[Task to carry out]
Using the material below, repeat exactly the lines from the one with "成扣篮大赛了！美国U19全场扣了29个篮 暴虐约旦73分" through the one with "Grå Kia Rio fra 2013", ends included, without any images.

[Excerpted records]

-.-.-

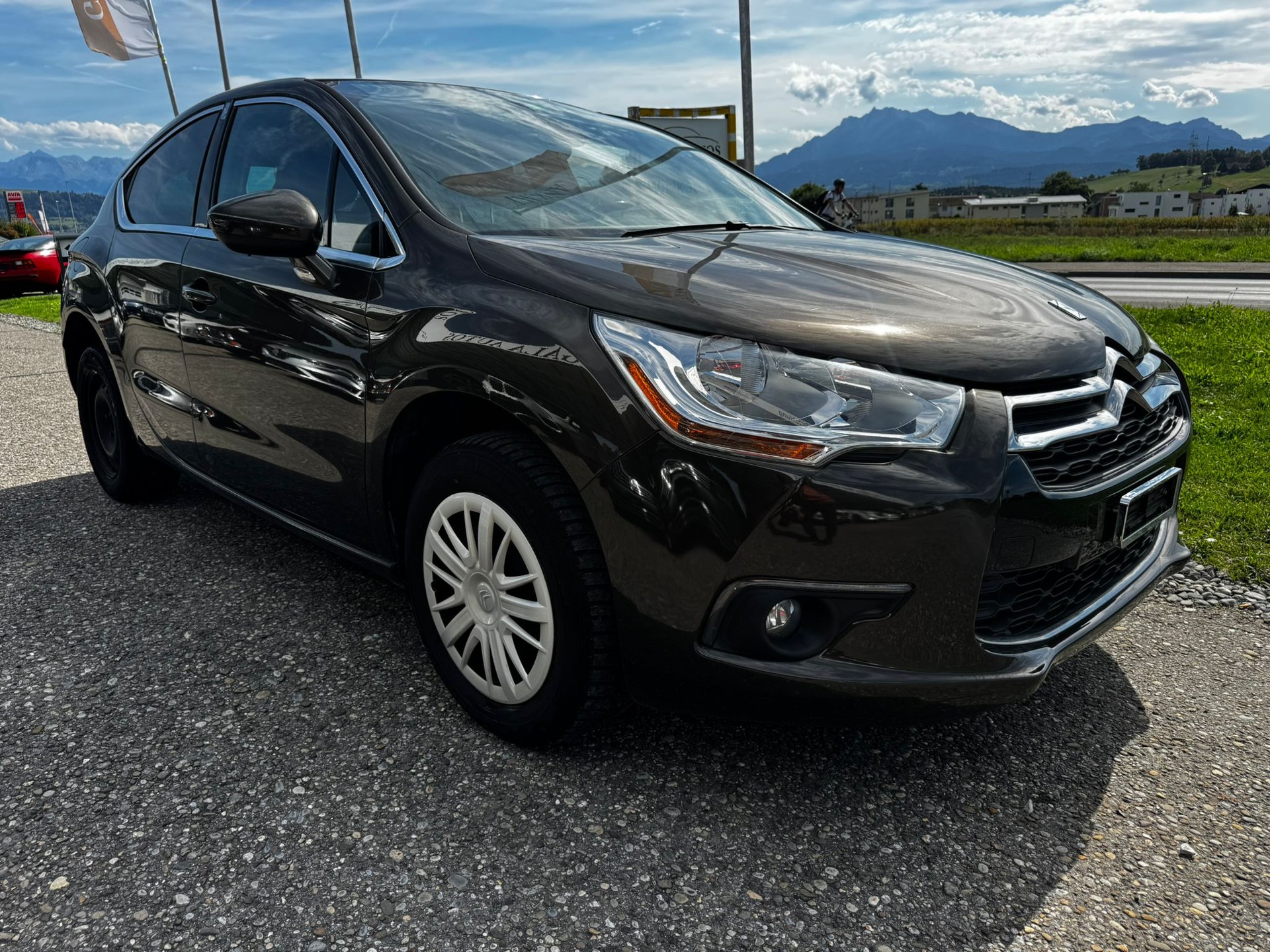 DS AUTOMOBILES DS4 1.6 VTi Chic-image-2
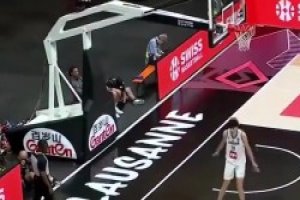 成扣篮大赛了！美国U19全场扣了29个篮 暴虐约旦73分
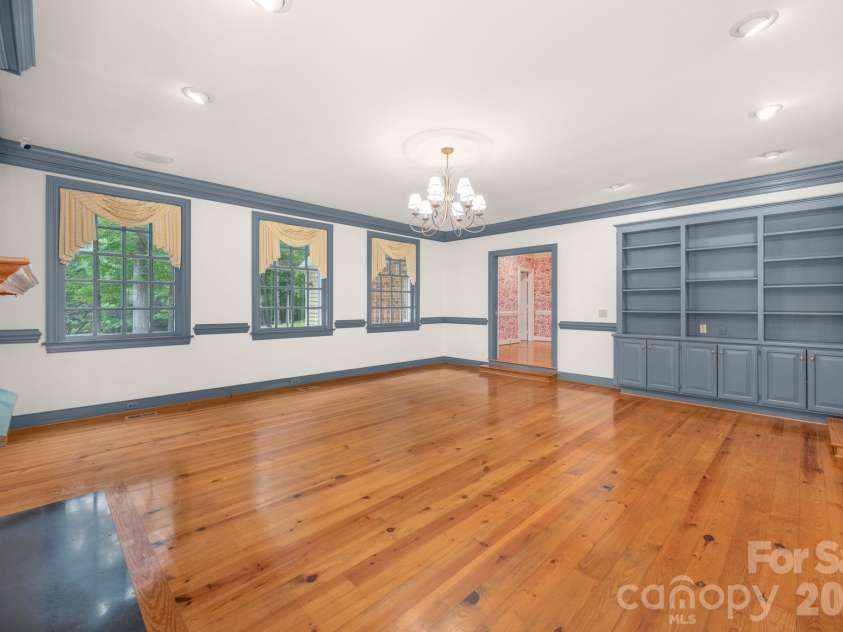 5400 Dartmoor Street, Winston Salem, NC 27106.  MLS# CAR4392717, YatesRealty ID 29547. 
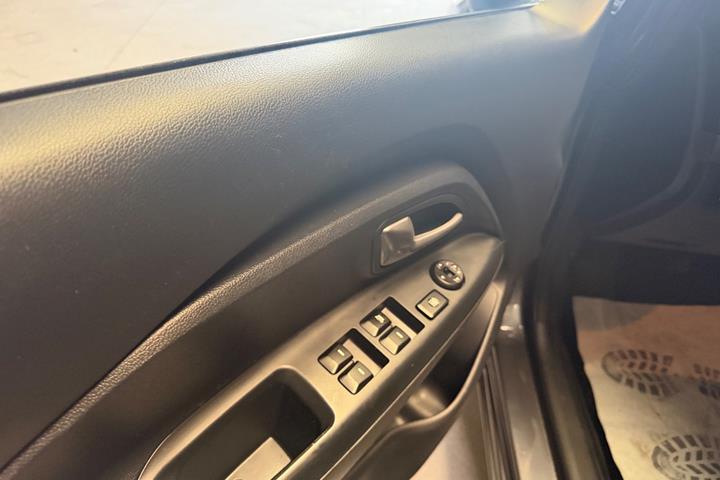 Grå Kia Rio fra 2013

-.-.-

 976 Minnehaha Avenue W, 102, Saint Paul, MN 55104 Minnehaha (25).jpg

-.-.-

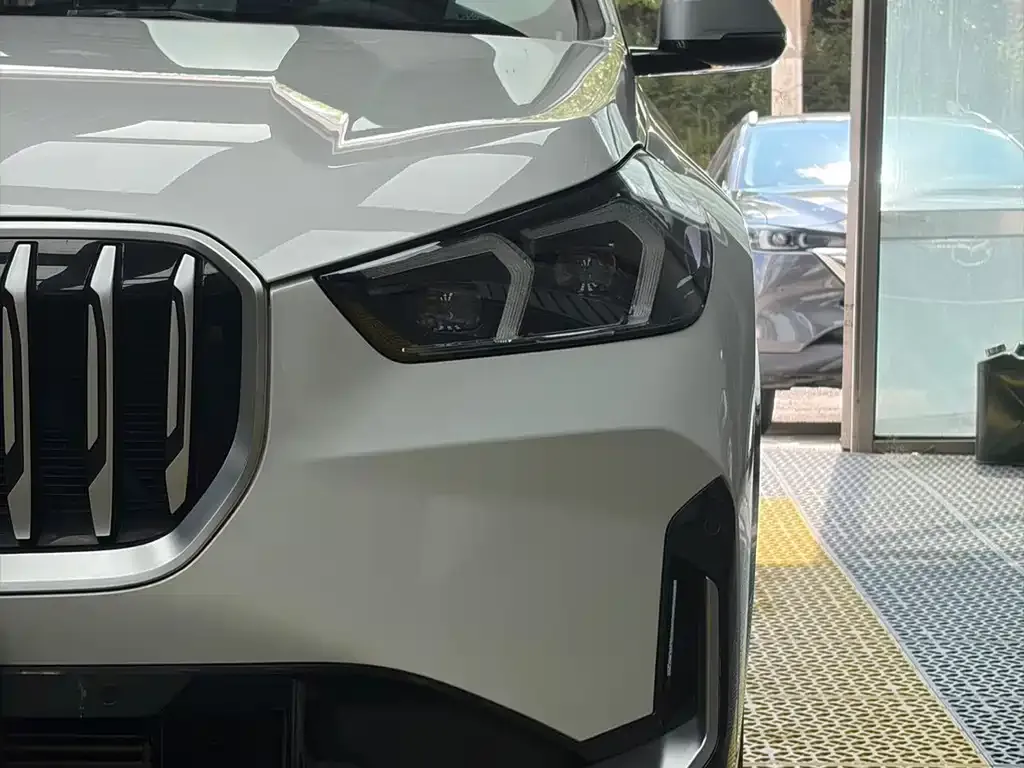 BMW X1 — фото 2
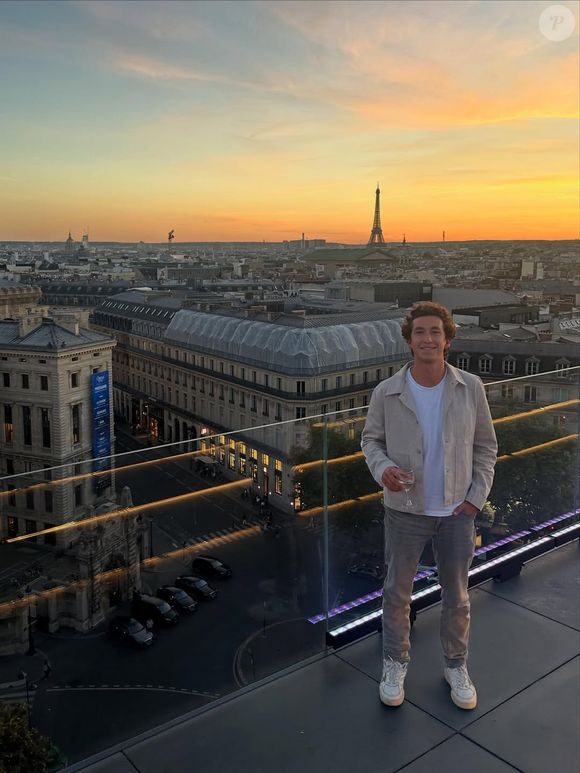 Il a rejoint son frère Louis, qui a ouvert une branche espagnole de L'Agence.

-.-.-

[Answer to this problem]
 成扣篮大赛了！美国U19全场扣了29个篮 暴虐约旦73分
 5400 Dartmoor Street, Winston Salem, NC 27106.  MLS# CAR4392717, YatesRealty ID 29547. 
 Grå Kia Rio fra 2013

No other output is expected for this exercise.